C’è un passo in cui lei scrive:

Era un marranzano per l’anima, disìo, un’invisibile viscera del suo turcìgghio, una ddraunàra nel feudo selvaggio del cuore che squetava e tramortiva. Era il furore di chi, uomo, voleva concupire dio, ebbro di trinità.

Con questo climax di metafore e di immagini acquista consistenza un impulso, un furore che sconvolge e devasta mentre si eleva a esemplare di un’eterna mancanza da colmare. Tuttavia nel dizionario siciliano del Settecento, il Pasqualino, alla voce “disìo” leggiamo: “macchia o altro segno esteriore nato all’uomo in qualche parte del corpo e che da alcuni si crede nascere da soverchio appetito della madre nella gravidanza, di qualche cibo o bevanda che da quella macchia si rappresenta; voglia; stigma”.

Ecco allora che, da una prospettiva apparentemente lontana da quella esibita dalla scrittrice, si riverbera sulla parola tematica del romanzo una nuova, imprevista, densità espressiva. Se riflettiamo bene, il “disìo” da cui la protagonista è torturata, attanagliata, si configura come uno stigma esistenziale che è, in altre parole, il segno, il lascito doloroso non di un soverchio appetito o della voglia, come suggerisce il dizionario ma, antifrasticamente, di un feroce rifiuto materno.
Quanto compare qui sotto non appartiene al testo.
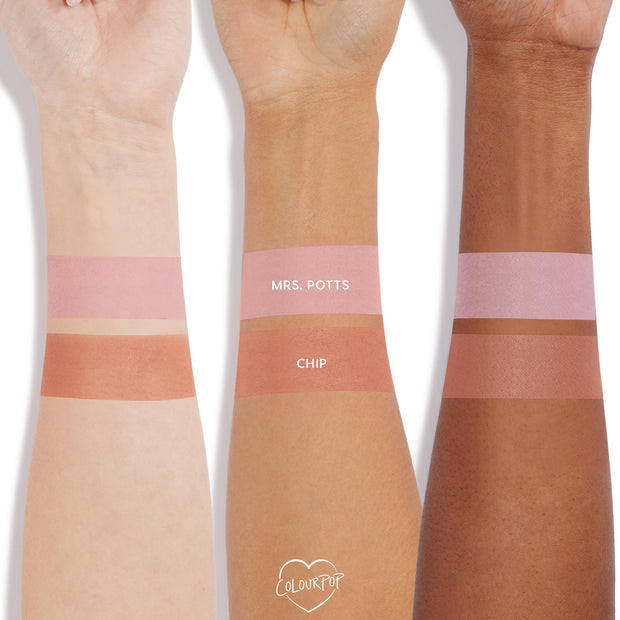 Chip, a warm peachy-tan, is swatched in horizontal bands on three arms of varying skin tones, shown beneath the pink Mrs. Potts shade; ColourPop Pressed Powder Blush comparison on a clean white background.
Ed è ammettendo questa torsione derivata dalla tradizione popolare che il marchio dell’anima si materializza in un vero e proprio corrispettivo fisico, in una efflorescenza tangibile, nei capelli “rosso-diavuli”. Quei capelli invano nascosti, invano “sminnati” nella speranza di sradicarli, con un sottile gioco di slittamenti e inversioni semantiche, sono il marchio non di ciò che è desiderato, come nella tradizione, ma di ciò che è detestabile, indice di esclusione.

Il romanzo inizia con una veglia funebre e, nell’arco di due o tra ore, Memi, ripassa il canovaccio della sua vita in un lungo assolo. Dal libro dei ricordi affiora il grumo doloroso di un’infanzia violata non solo dall’astio, dall’avversione materna, ma anche da uno stupro subìto. Il battito dolente di un bisogno d’amore conculcato si riverbera nell’incipit sapientemente sontuoso. Il racconto, nella prima parte del romanzo, si alterna continuamente tra prima e seconda persona e prende avvio nei modi di una trenodia: è ritmato da iterazioni, da parallelismi, è sostenuto da avvedute strategie retoriche cui dà respiro il proliferare di rigogliose metafore.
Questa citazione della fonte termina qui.